Top of Material to process
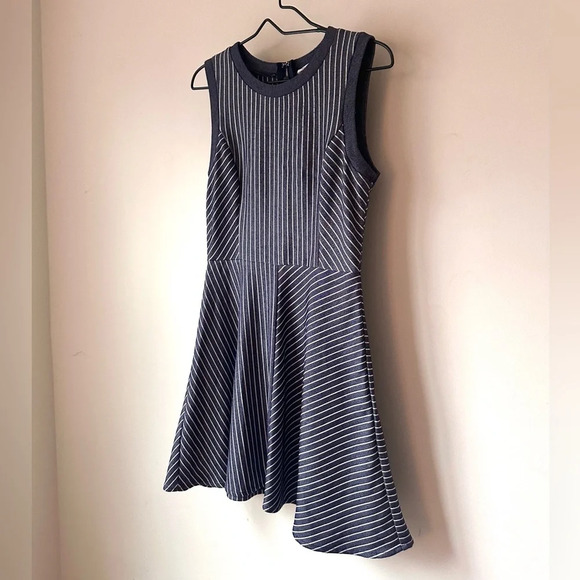 BCBGeneration Sleeveless Stripe Flare Denim Dress – Size 8 - Picture 4 of 11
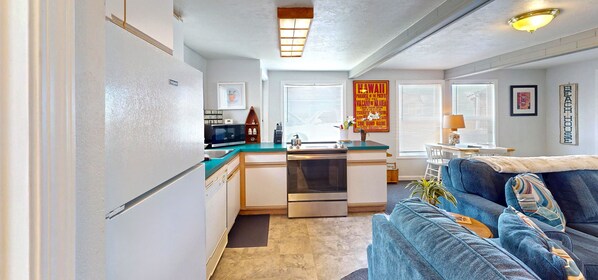 TV, fireplace, DVD player, video library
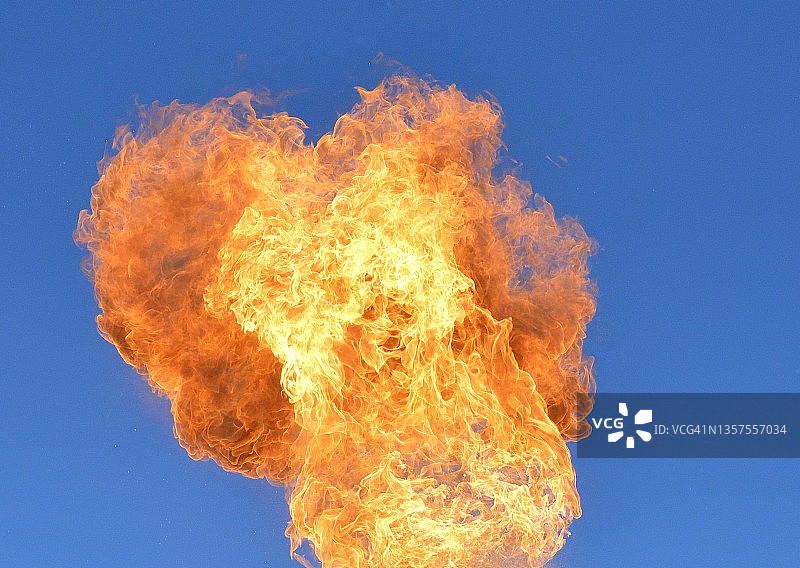 汽油爆炸火焰图片素材
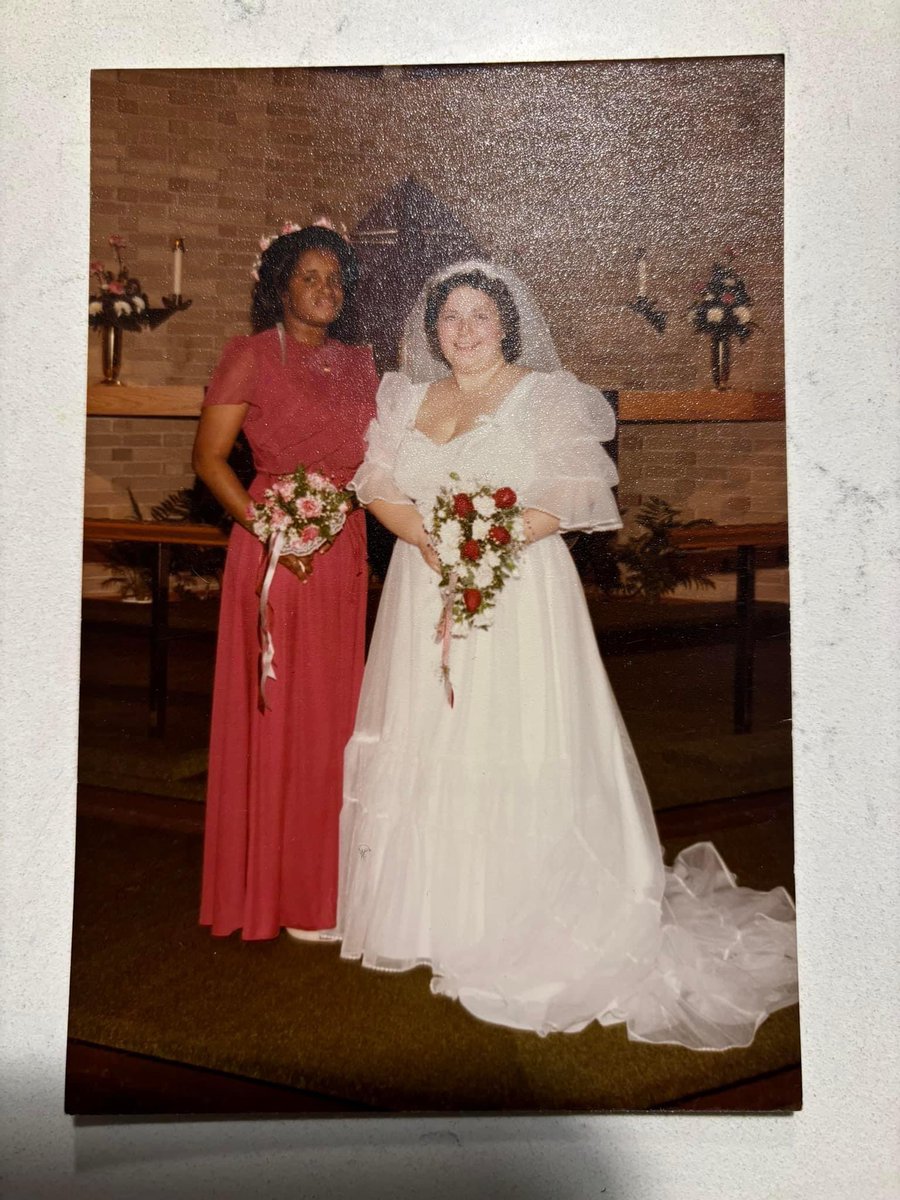 ZiggyCoach's tweet photo. Rest in peace momma. You stood in the gap for me. Prayed for me, supported me when I fell &amp; celebrated when I succeed in life. Came to watch me coach. Make sure your elderly love ones are doing regular medical checkups. Life is shorter than you know. #RIP https://t.co/fLT4pal1Ht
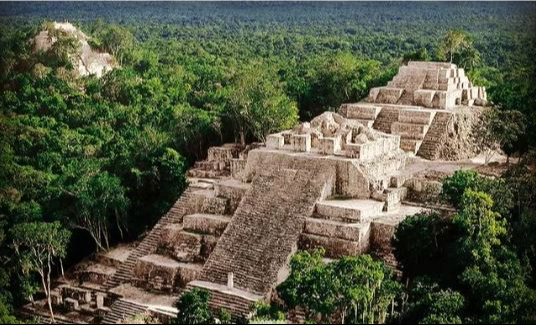 Estructura I, Calakmul Estructura I, Calakmul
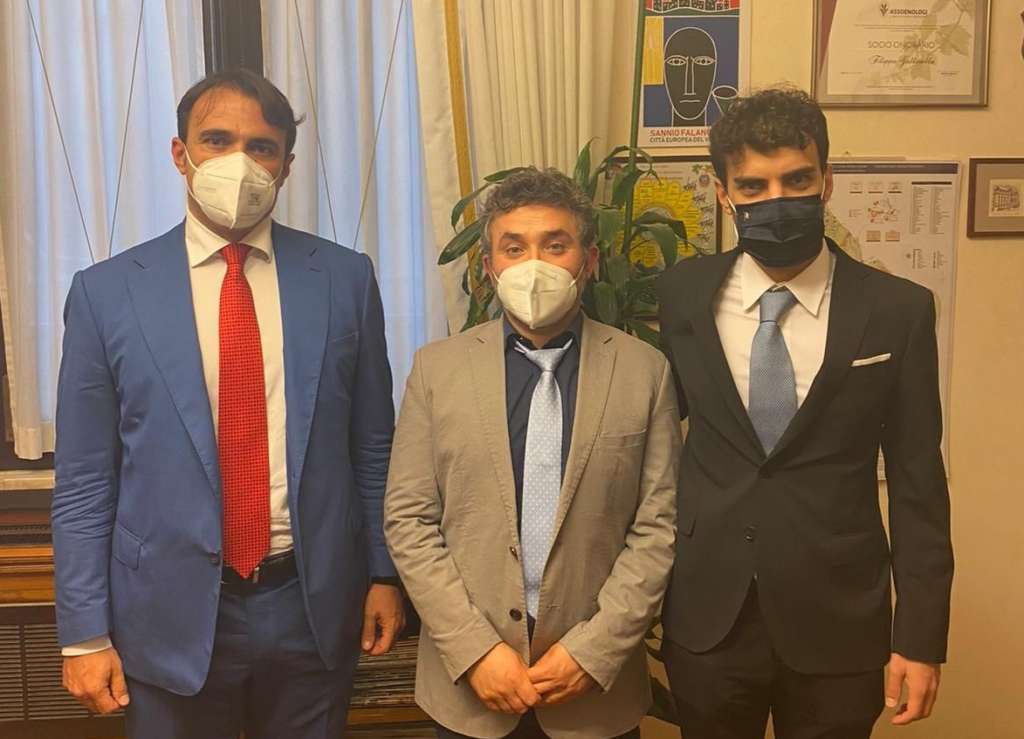 Giorgio Gigliotti (a dx) con l'onorevole Gianfranco Di Sarno e e il presidente della commissione Agricoltura della Camera, onorevole Filippo Gallinella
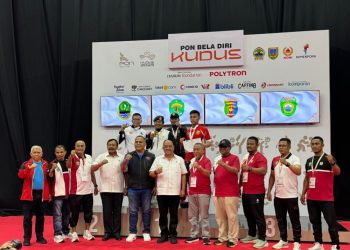 Ketua Umum KONI Pusat Letjen TNI (Purn) Marciano Norman berfoto bersama panitia dan perwakilan atlet usai menyerahkan medali pada PON Bela Diri 2025 di GOR Kaliputu, Kudus, Senin (20/10/2025). (Dok. Humas KONI)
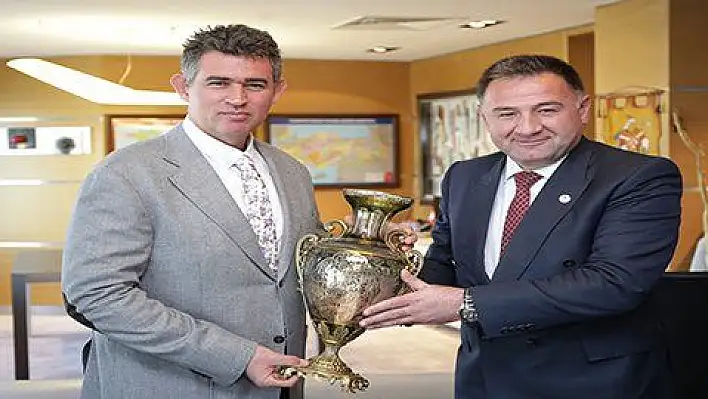 Kayseri Baro'su yeni tesis sözü aldı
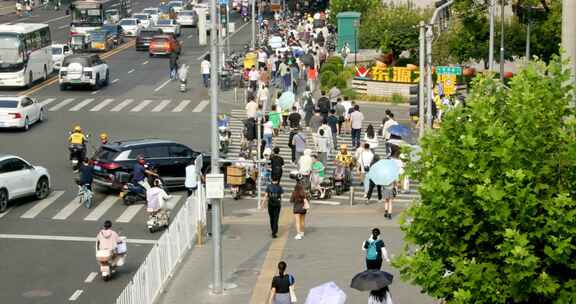 北京五道口成府路车流人流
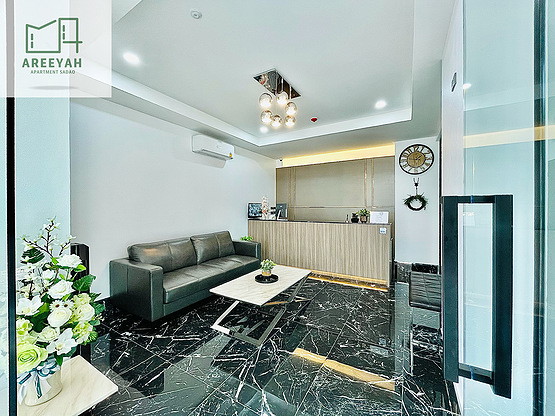 1 Bed Condo — photo 2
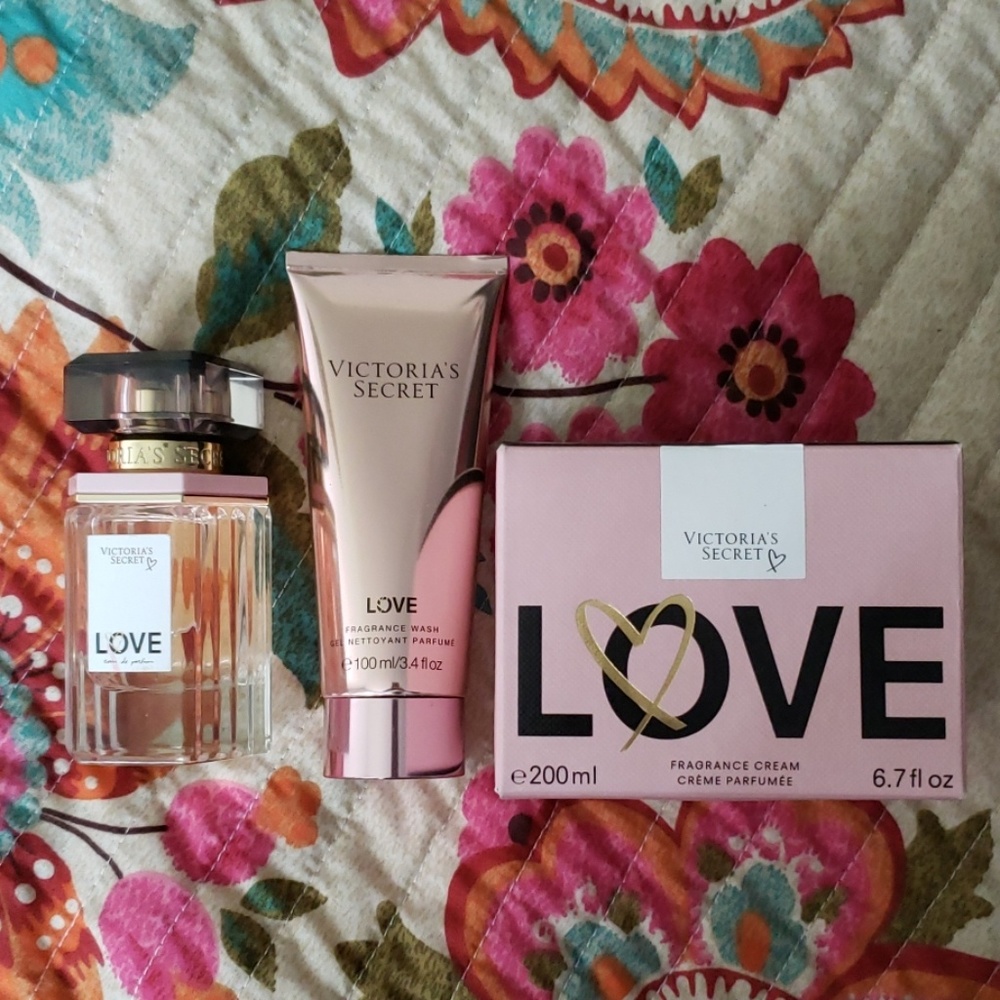 🛑SOLD Victoria's Secret Love Fragrance Bundle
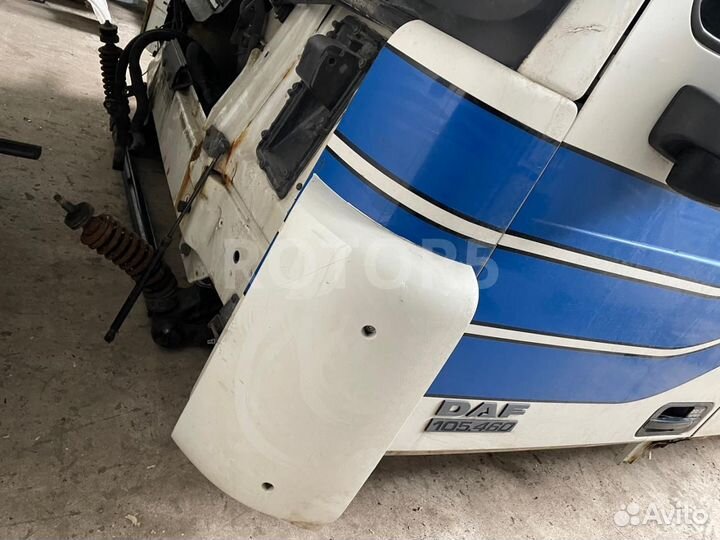 Дефлектор (обтекатель) кабины левый DAF XF 105
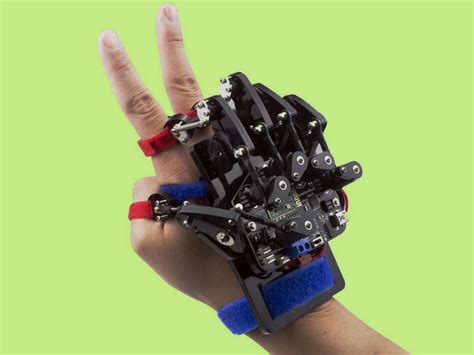 Вещь с AliExpress. Тактическая перчатка для управления роботами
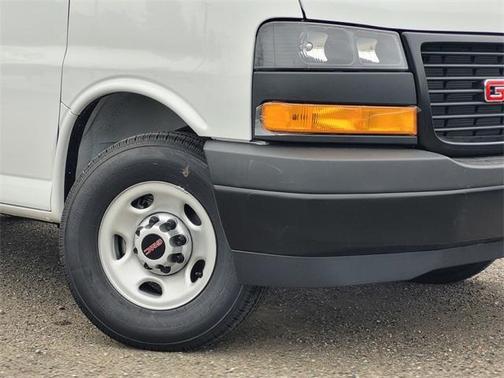 2025 GMC Savana 2500 Work Van
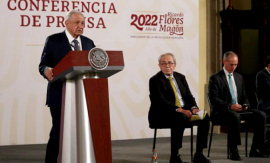 Lamenta AMLO que Biden ceda ante chantajes de grupos de interés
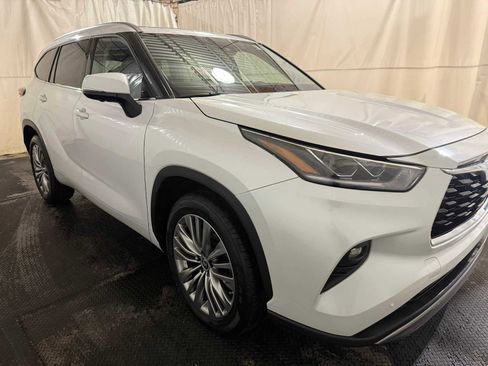 Used 2023 Toyota Highlander Platinum image 10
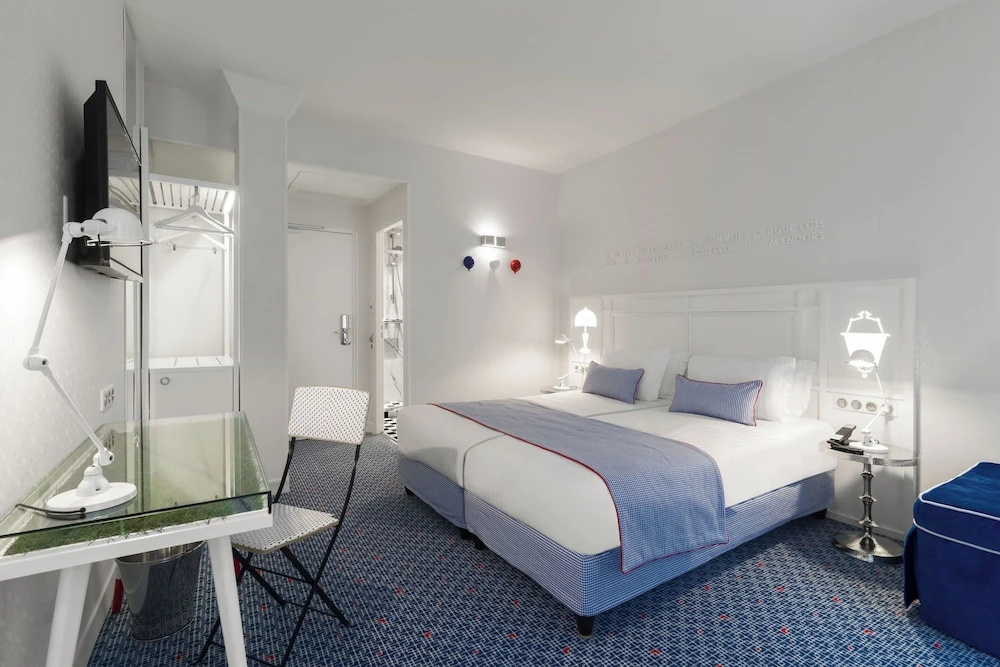 Privilege room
Bottom of Material to process
▶ Instructions to follow
The expected answer is the lines from the one that has "Kayseri Baro'su yeni tesis sözü aldı" to the end of the listing, transcribed exactly, with pictures left out and no other line added.

▶ Response box
 Kayseri Baro'su yeni tesis sözü aldı
 北京五道口成府路车流人流
 1 Bed Condo — photo 2
 🛑SOLD Victoria's Secret Love Fragrance Bundle
 Дефлектор (обтекатель) кабины левый DAF XF 105
 Вещь с AliExpress. Тактическая перчатка для управления роботами
 2025 GMC Savana 2500 Work Van
 Lamenta AMLO que Biden ceda ante chantajes de grupos de interés
 Used 2023 Toyota Highlander Platinum image 10
 Privilege room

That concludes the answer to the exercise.